Australia’s new Work Health and Safety Act says company officers “… must exercise due diligence to ensure that the person conducting the business or undertaking complies with that duty or obligation.” An organization also must ensure “workers and other persons should be given the highest level of protection against harm to their health, safety and welfare from hazards and risks arising from work … as is reasonably practical.”
So far, the Act is consistent with what most people would regard as commonsense ALARP (As Low As Reasonably Practicable) risk management. It is, in fact relatively easy to argue that the safety lifecycle approach is the most logical method of ensuring a company can achieve the highest level of protection from harm as reasonable practicable.
But some critics are interpreting the Act as a rejection of the safety lifecycle standards such as IEC/AS61508, IEC/AS61511 and IEC/AS62061. They assert that, because these standards allow a company to set a fixed risk tolerance and thus potentially ignore other reasonable means of further risk reduction, the standards should be rejected completely. The problem is not with the standards. The problem is using them to justify bare-bones risk management that ignores intelligent, practical means of risk reduction once an arbitrary fixed target is reached. In the extreme, one could set a high risk target, say that no safety is needed to achieve that target and then claim standards compliance. This was never the intention of the standards. Such theoretical extremes do not justify rejecting the widely accepted good engineering practice of risk analysis, safety equipment specification, design, and operation within the new legal framework.

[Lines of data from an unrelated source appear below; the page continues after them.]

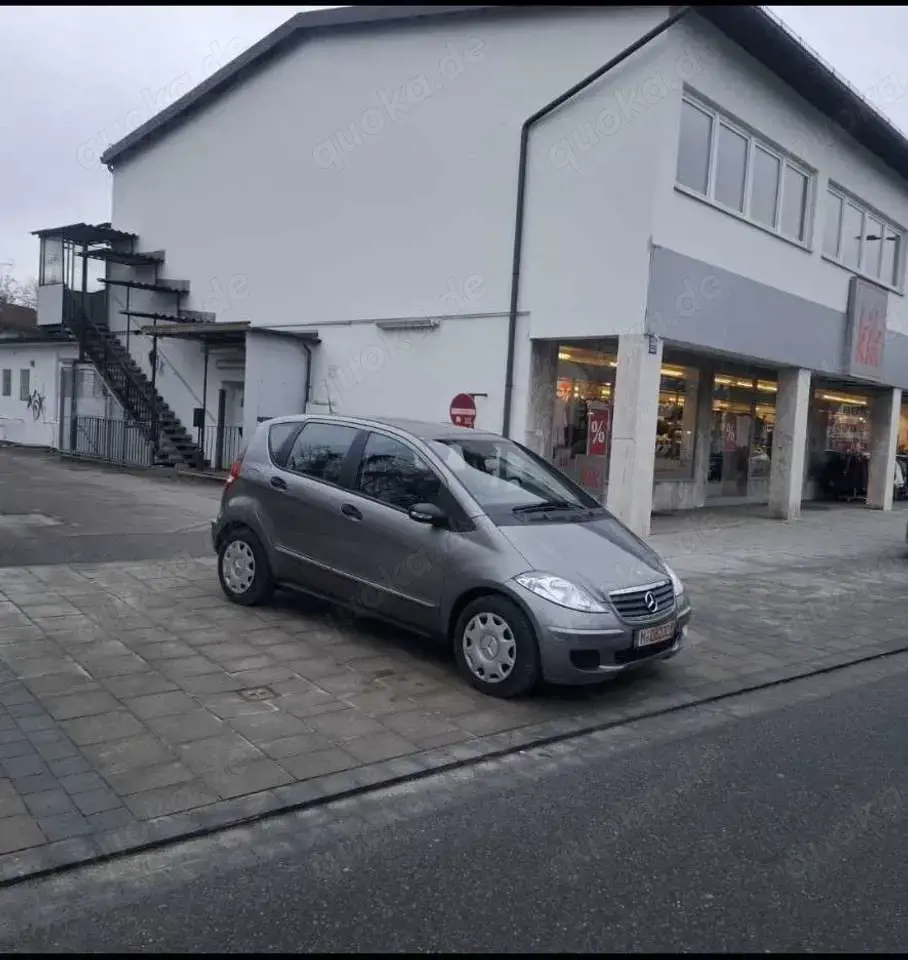 Mercedes-Benz A 150 A-Klasse  5-Türer Automatik,wenig Kilometer*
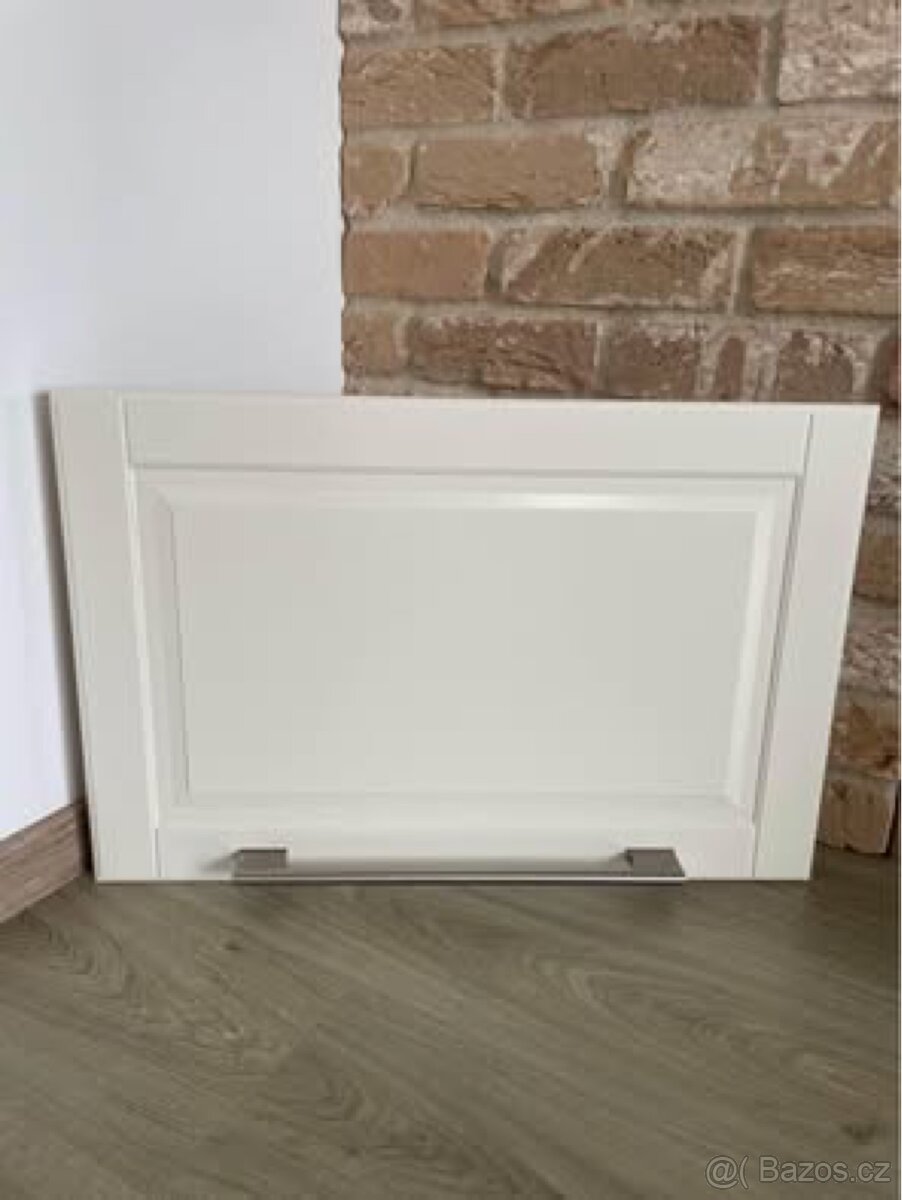 Dvířka a šuplíky z kuchyně IKEA Bodbyn - 6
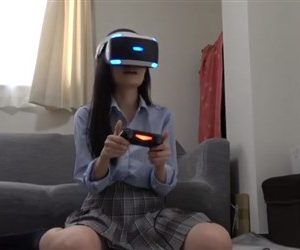 【盗撮動画】【VRパンチラ】無邪気にはしゃぎまくる激カワ制服美少女にVRやらせたらパンチラしまくり②胸ちら＆逆さ
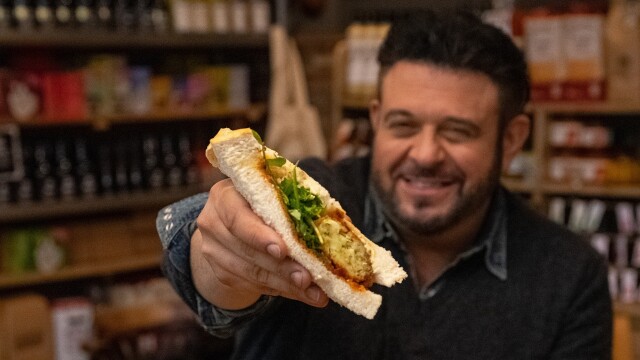 Adam Richman Eats Britain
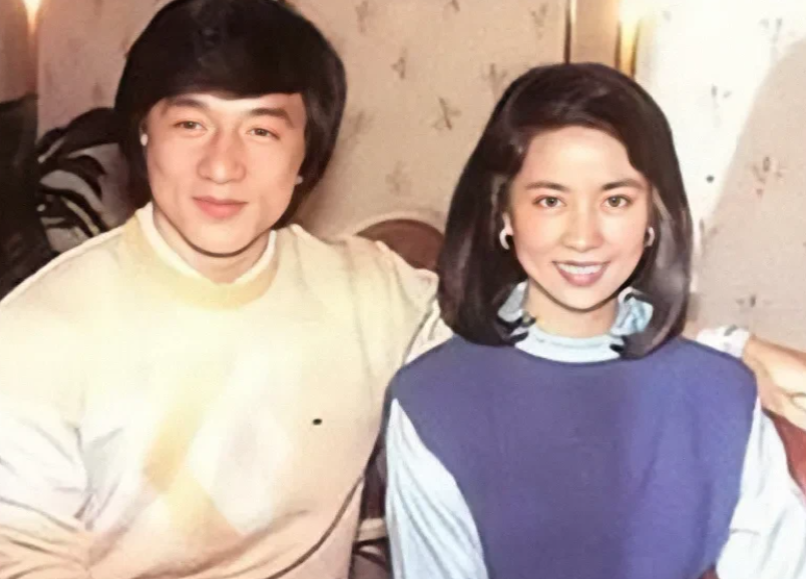 2015年，成龙终于坦白承认：“那时候我有很多女朋友，我在挑谁是最好的，之后就一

The problem of risk management engineering and the law centers on the fundamental difference between engineering and the legal system. As engineers, we deal with the unknown, but reasonably predictable future. Legal cases deal with the fully known past. It is our challenge as engineers to both understand the potential risks in the future and take all reasonable means to ensure they are managed. This standards-based approach will minimize the number of legal cases and, if a case does go to court, show that we did the best reasonable job at the time. The legal case can then focus on the assessment of what is reasonable with the information to make that assessment intelligently.
These engineering and legal challenges are all the more reason to apply good practices and methods such as those in the safety lifecycle standards. But that is not enough. We must also apply them in the context of an existing industry with other existing means of risk reduction to ensure that we do apply all reasonable means at our disposal or, in the current phrase of the moment, “exercise due diligence.” So the new Australian legislation does not reject the safety lifecycle standards. Rather, the Act requires that the standards be used to assess risk intelligently, apply all reasonable means of risk reduction including SIL rated SIFs, and monitor equipment operation to ensure that reality is consistent with the predictions and make any reasonable changes as needed to fix any identified problems.
However, we must not fall into the trap of choosing risk targets much higher than is broadly acceptable and then using safety lifecycle standards to justify this instead of using them as part of an ALARP approach. The safety lifecycle standards are tools to achieve a level of risk, and the choice of accepting that risk should be based on ALARP according to the new laws. The safety lifecycle standards should not be rejected, but rather used intelligently in achieving the desired result of ALARP risk.